Seth Andrew, Democracy Prep's founder and superintendent, speaks at a fundraiser for Harlem Prep, a new school run by his network.

Who’s more important to New York City than Jeremy Lin, the city’s sudden basketball sensation? According to Mayor Michael Bloomberg, one answer is charter school operator Seth Andrew, who runs the Democracy Prep network of schools.

Bloomberg made the comparison at an Upper East Side fundraiser for Andrew’s latest project: turning around one of the city’s worst elementary schools, Harlem Day Charter School, which his network adopted last year in the state’s first—and so far only—charter school takeover.

In 2011, Harlem Day was arguably the worst elementary school in the city, Bloomberg and Andrew told their audience as servers floated around the darkened, East 60th Street restaurant offering dumplings and sushi rolls. Last spring, the State University of New York charter school authorizer granted Democracy Prep permission to take over Harlem Day, now called Harlem Prep.

The Wall Street Journal reported last June that 40 percent of students were held back, including two-thirds of fifth-graders. Teachers at the benefit put that number even higher, with some saying they thought as many as 70 percent of students had repeated a grade after Democracy Prep took over.

State education officials have said it’s too soon to tell whether the experiment will pay off. But Bloomberg said the school “really is bound to become one of the best schools in the city for kindergarten through fifth grade.”

The challenge before Andrew, he added, “Was seeing the beauty in someone else’s vision, and transforming it into something that touches peoples’ lives for the better.”

Most of Harlem Prep’s teachers left the party early to prepare for the 7:15 a.m. start to their workday. But the three I spoke to told me that the strides students are already making halfway through the year have everything to do with the network’s culture of high academic expectations and citizenship.

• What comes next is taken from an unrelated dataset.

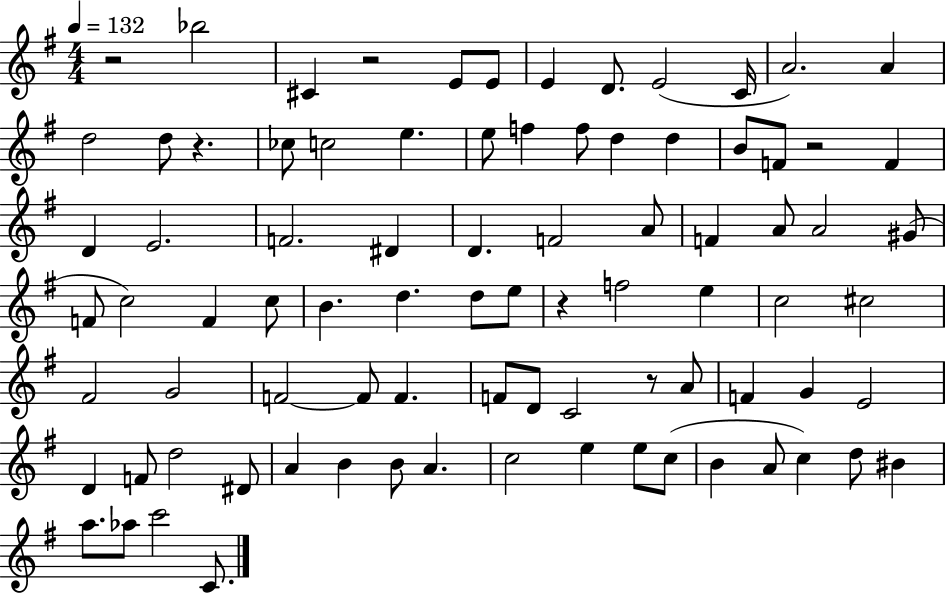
R/h Bb5/h C#4/q R/h E4/e E4/e E4/q D4/e. E4/h C4/s A4/h. A4/q D5/h D5/e R/q. CES5/e C5/h E5/q. E5/e F5/q F5/e D5/q D5/q B4/e F4/e R/h F4/q D4/q E4/h. F4/h. D#4/q D4/q. F4/h A4/e F4/q A4/e A4/h G#4/e F4/e C5/h F4/q C5/e B4/q. D5/q. D5/e E5/e R/q F5/h E5/q C5/h C#5/h F#4/h G4/h F4/h F4/e F4/q. F4/e D4/e C4/h R/e A4/e F4/q G4/q E4/h D4/q F4/e D5/h D#4/e A4/q B4/q B4/e A4/q. C5/h E5/q E5/e C5/e B4/q A4/e C5/q D5/e BIS4/q A5/e. Ab5/e C6/h C4/e.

“We’ve done a lot of work on how kids feel about themselves in the last few months. I think you can see the difference in the way they carry themselves when they walk around the halls,” said Danielle Liebling, a third grade teacher. “It doesn’t feel like the same school I interviewed at at all.”

The teachers, all former Teach for America members who have worked in public schools in New York City and Atlanta, rattled off a list of Harlem Prep students who said they “hated school” last September and loathed reading exercises. Now, some of them have become top students, Roberto de León, a fifth grade teacher, said.

But he noted that it has been an added challenge to teach students who have been held back a year.

“I have 5th graders, they should be 10 years old. But I have 10 11 and 12 [year olds],” de León said. “That’s important to me when I think about how they should be in 6th or 7th grade. What do 7th graders do, what do they like, how do they think?”

Tameka Royal, a fourth grade teacher, said she has encouraged the students to think of themselves as “active citizens” by volunteering on election day and discussing current events. She said she has the same expectations for every student in her class, regardless of their age.

“I didn’t want to know how many students were held back so I didn’t look at the list when I started,” she said. “Because I know that you are going to be on grade level when you leave. It doesn’t matter, you’re going to get the where you need to be by the end of the year and make tremendous gains.”

Earlier this year, the take-over of Harlem Day inspired the principal of Peninsula Preparatory Academy, a charter school in Far Rockaway that the city plans to close, to ask the city to allow the school to be taken over too. At the time, Andrew lamented that there is no system in place to overhaul low-performing charter schools rather than close them outright.

The audience at Tuesday night’s fundraiser snapped their fingers to applaud Andrew’s speech—mimicking a technique some teachers use as a substitute for clapping—as Andrew encouraged them to donate money to help the network grow to accommodate the thousands of students on his schools’ waiting lists.

“We can prove the naysayers wrong because this is not a selective group of kids. These are the exact same families with the exact same poverty, same challenges in their day-to-day lives,” Andrew told the crowd, nodding to the teachers who stood off to the side wearing the network’s signature yellow hats. “Our teachers are working every day to transform the school.”